■ **Exercise goal**
Every line from the one with "this 300×200 image." through the last line below should be repeated exactly; pictures stay out of the copy.

Collected data entries:
◆ ◆ ◆ ◆
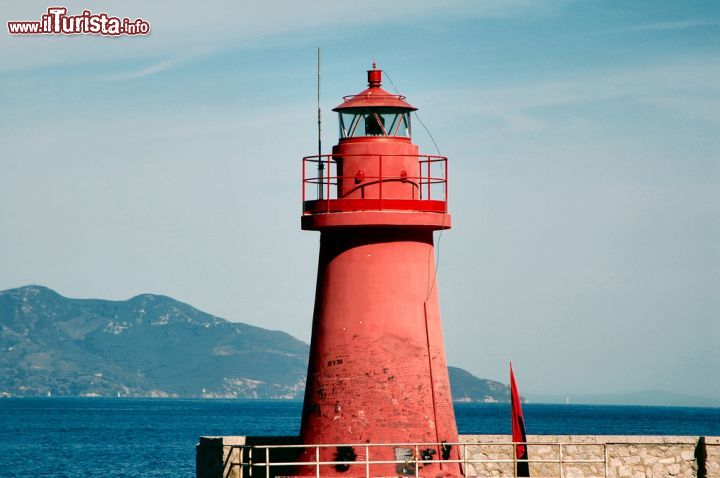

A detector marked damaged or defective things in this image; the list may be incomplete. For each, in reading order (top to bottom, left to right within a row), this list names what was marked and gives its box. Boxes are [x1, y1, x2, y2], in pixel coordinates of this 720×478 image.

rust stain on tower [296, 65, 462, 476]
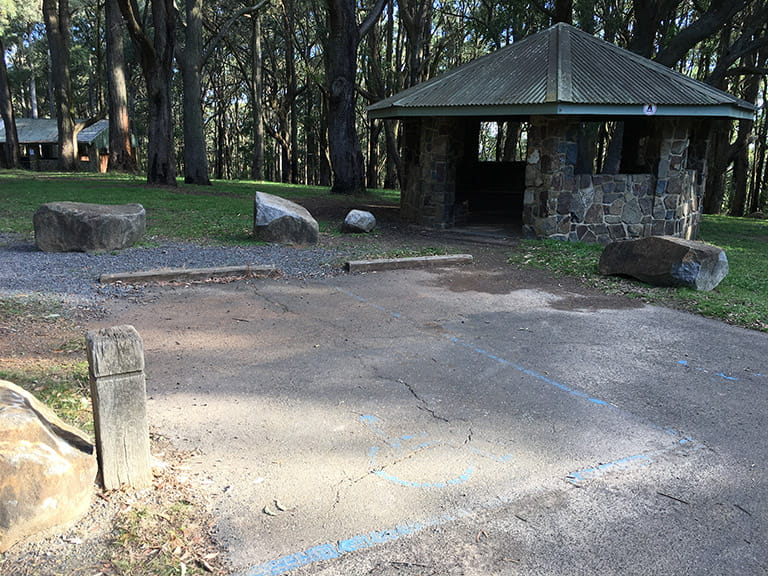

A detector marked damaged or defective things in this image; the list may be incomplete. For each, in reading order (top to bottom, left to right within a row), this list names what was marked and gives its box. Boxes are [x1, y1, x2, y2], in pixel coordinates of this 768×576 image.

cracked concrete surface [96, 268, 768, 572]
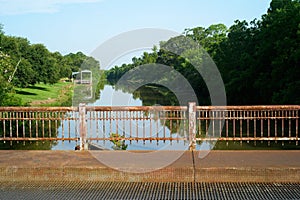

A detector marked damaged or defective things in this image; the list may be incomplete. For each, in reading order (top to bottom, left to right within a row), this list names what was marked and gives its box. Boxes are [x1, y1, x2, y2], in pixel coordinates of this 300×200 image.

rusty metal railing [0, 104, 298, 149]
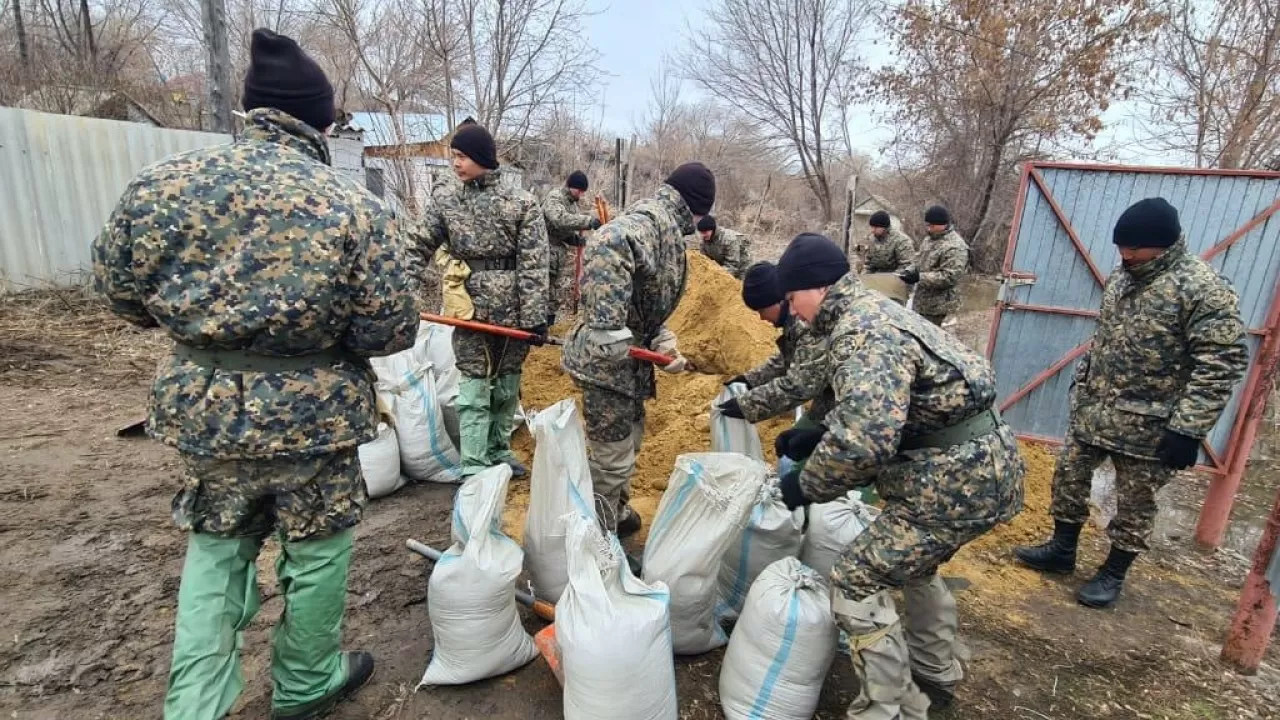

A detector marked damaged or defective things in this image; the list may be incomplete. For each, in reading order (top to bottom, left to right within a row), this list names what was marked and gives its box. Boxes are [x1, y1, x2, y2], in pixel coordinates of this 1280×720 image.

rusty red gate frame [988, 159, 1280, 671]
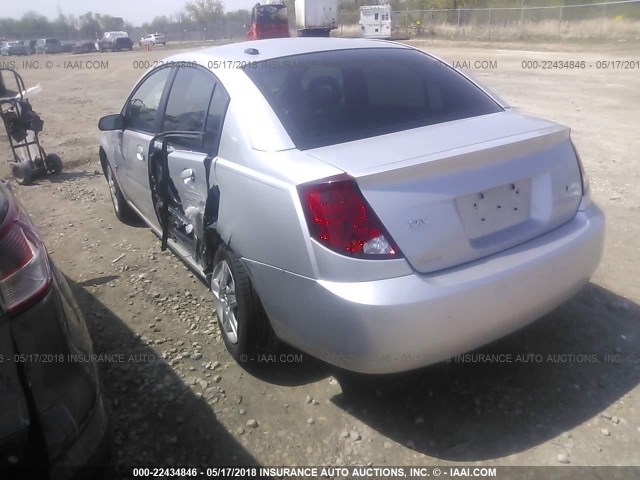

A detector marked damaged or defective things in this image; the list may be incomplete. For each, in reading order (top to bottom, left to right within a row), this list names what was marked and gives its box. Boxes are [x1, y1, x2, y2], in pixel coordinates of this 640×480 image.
◆ ◆ ◆ ◆
■ **Exercise solution**
A detector marked damaged or defective things in this image; the list may be incomplete. For each, in reading order (top to bottom, left to right within a row), this list names what was marked and gives its box. Boxes are [x1, y1, x2, y2], in pixel coordinates of this 300×200 image.

rusty metal railing [0, 104, 298, 149]

A detector marked damaged or defective things in this image; the list may be incomplete. For each, in reading order (top to bottom, left to right within a row), this list names what was marked and gives its box. Boxes are [x1, y1, x2, y2], in pixel coordinates of this 1280×720 image.

rusty red gate frame [988, 159, 1280, 671]

A detector marked damaged or defective things in this image; the list may be incomplete. For each, in reading order (top to bottom, left to right within a row), this list names what was marked and gives its box. Boxes are [x1, y1, x2, y2], in pixel coordinates of this 640×480 image.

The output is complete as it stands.